Further, the pivot source code generator 224 may generate pivot source code files of the application based at least in part on replacing the displayed literal with the identification token within the source code files 214. Therefore, when the pivot source code file is executed, the identification token will place a translation of the displayed literal to a second human-perceivable language, or any other requested human-perceivable language, in the place of the displayed literal, thus localizing the source code. In some examples, the pivot source code generator 224 may normalize the source code before substituting the identification token for the displayed literal within the source code in order to reduce the probability of error. For example, the pivot source generator 224 may replace individual single quotes (e.g., ‘ . . . ’) within the source code with double quotes (e.g., “ . . . ”), or replace individual double quotes (e.g., “ . . . ”) within the source code with single quotes. Additionally, the pivot source code generator 224 may replace a plurality of instances of a displayed literal within source code files 214 with the same identification token.
The verification module 226 may verify that the pivot source code files match the source code files 214. For instance, the verification module 226 may determine that the functionality of a localized application corresponding to pivot source code is the same as the functionality of the original application corresponding to the source code 214.
In some examples, the verification module 226 may include a browser layout engine that loads the localized application and presents the localized application in a graphical user interface. Further, the verification module 226 may receive an indication that the localized application matches the original application. For instance, the verification module 226 may present the localized application within a web browser to a human agent, and receive an indication from a human agent with regard to whether or not the functionality of the localized application matches the original application.

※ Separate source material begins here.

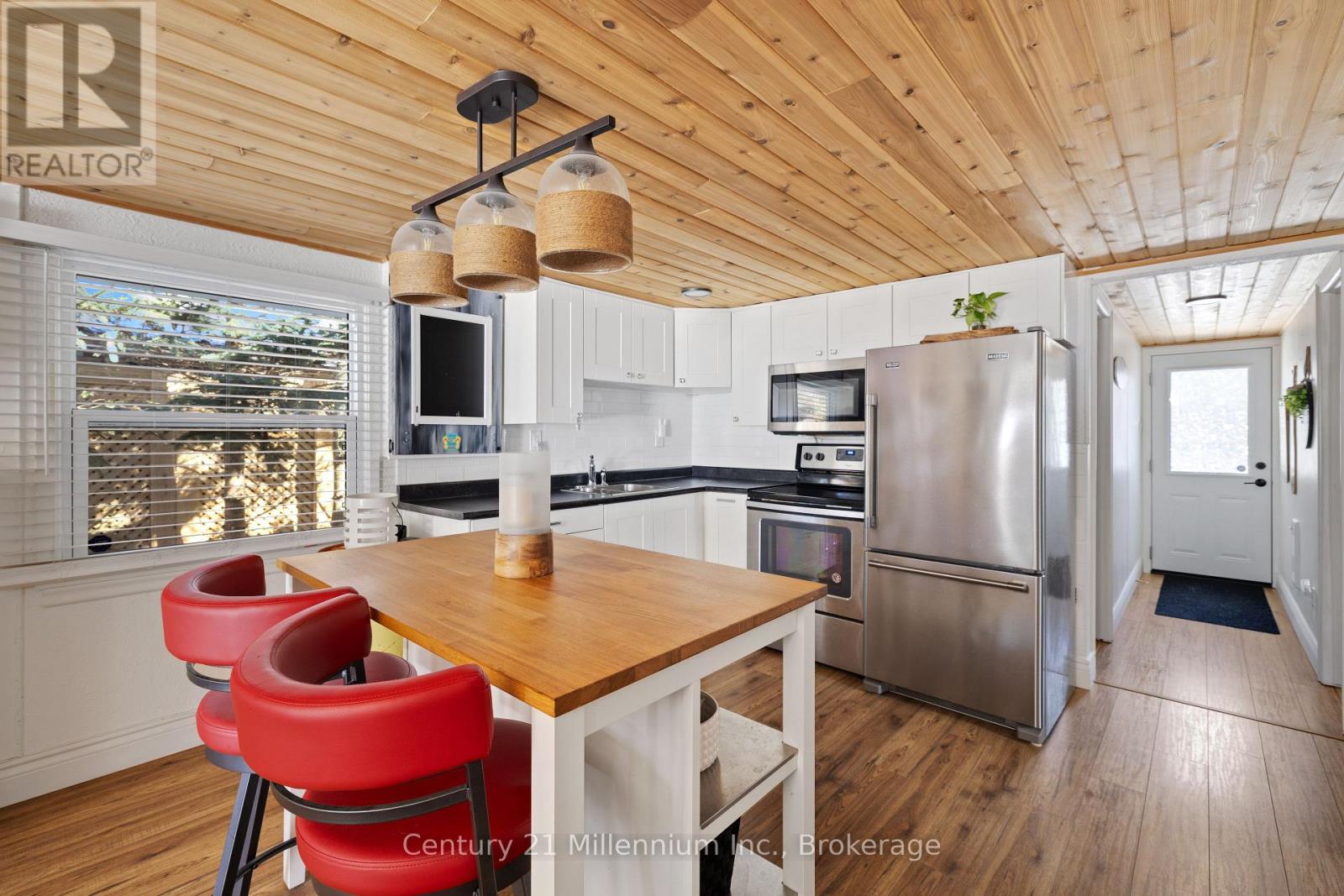 Property at 7 69TH STREET N image 4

In some other examples, the verification module 226 may include a simulation agent capable of simulating user interactions with user interface elements of an application. In some instances, the user interactions can be performed similarly to crawling a web page and can be based on an algorithm. Further, the verification module 226 may compare the results of simulating the user interactions with respect to a localized application to the results of simulating the user interactions with respect to the original application to determine whether or not the localized application matches the original application. In addition, when the verification module 226 determines that the localized application does not match the original application, the verification module 226 may identify one or more portions of the pivot source code that are associated with one or more differences between the localized application and the original application. Further, the verification module may present the identified portions to a human agent.
Additional functional components stored in the computer-readable media 204 may include an operating system 234 for controlling and managing various functions of the computing architecture 200. The computing architecture 200 may also include or maintain other functional components and data, such as other modules and data 236, which may include programs, drivers, etc., and the data used or generated by the functional components. Further, the computing architecture 200 may include many other logical, programmatic and physical components, of which those described above are merely examples that are related to the discussion herein.

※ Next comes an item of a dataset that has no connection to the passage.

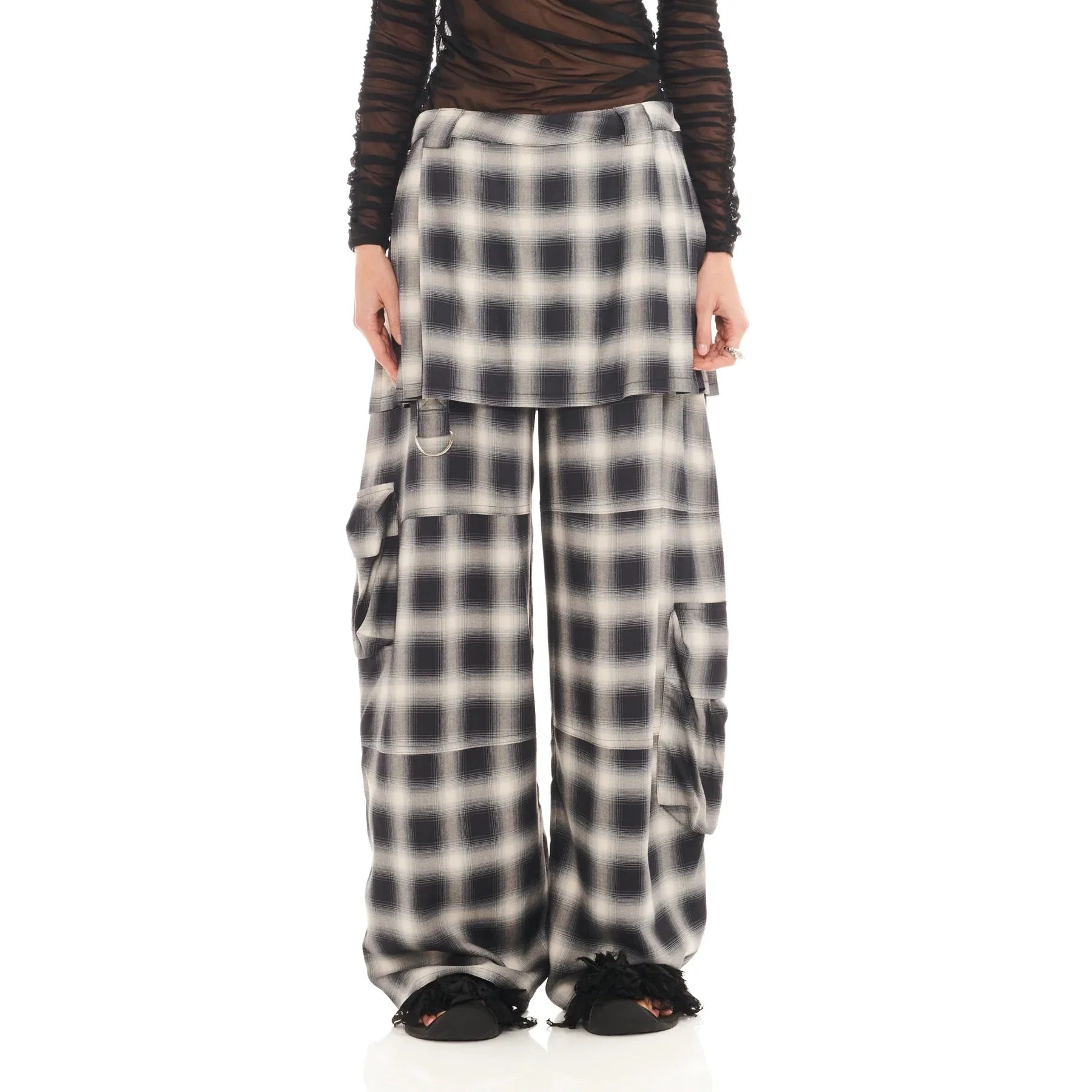 Lawn Skirt Cargo Pant | Fog Plaid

The communication interface(s) 206 may include one or more interfaces and hardware components for enabling communication with various other devices. For example, communication interface(s) 206 may facilitate communication through one or more of the Internet, cable networks, cellular networks, wireless networks (e.g., Wi-Fi, cellular) and wired networks. As several examples, the computing architecture 200 may communicate and interact with other devices using any combination of suitable communication and networking protocols, such as Internet protocol (IP), transmission control protocol (TCP), hypertext transfer protocol (HTTP), cellular or radio communication protocols, and so forth.
The computing architecture 200 may further be equipped with various input/output (I/O) devices 238. Such I/O devices 238 may include a display, various user interface controls (e.g., buttons, joystick, keyboard, mouse, touch screen, etc.), audio speakers, connection ports and so forth.
FIG. 3 illustrates an example graphical user interface 300 for presenting string candidates to a human agent according to some implementations. For example, a portion of source code 302, such as the source code 214 discussed above, may include a candidate string 304. The candidate string 304 may be presented on a display 306 to the human agent or may be presented to the human agent using any other suitable communication technology. As described herein, the string location module 220 may identify a string candidate in a source code 214 associated with an application. Further, the classification module 222 may present graphical user interface 300 to the human agent in order to classify the string candidate 304. In the illustrated example, the string candidate may be stylized 308 to help distinguish the string candidate 304 from the portion of the source code 302 including the string candidate 304. Some examples of stylization may include font size, font type, font color, font highlighting, underline, bold, and/or italics.
FIG. 3 further illustrates that the human agent may indicate whether the string candidate 304 is a displayed literal. In the illustrated example, the string candidate 304 is an attribute of an html tag, and thus not a displayed literal. Therefore, the human agent may select the “No” control 312 to indicate that the string candidate 304 does not include a displayed literal. In another instance, the human agent may select the “Yes” control 310 to indicate that the string candidate 304 includes a displayed literal. However, in some embodiments, the designation may be automated and not require human input for each designation of displayed literals. For example, human input may be used for some instances where a confidence level is less than a threshold amount in an analysis of the string candidate 304, via a review process, and/or in other ways. In some examples, the classification module 222 may determine the confidence level based at least in part on the classification engine 232. For instance, the classification engine may determine a probability that the string candidate is a displayed literal.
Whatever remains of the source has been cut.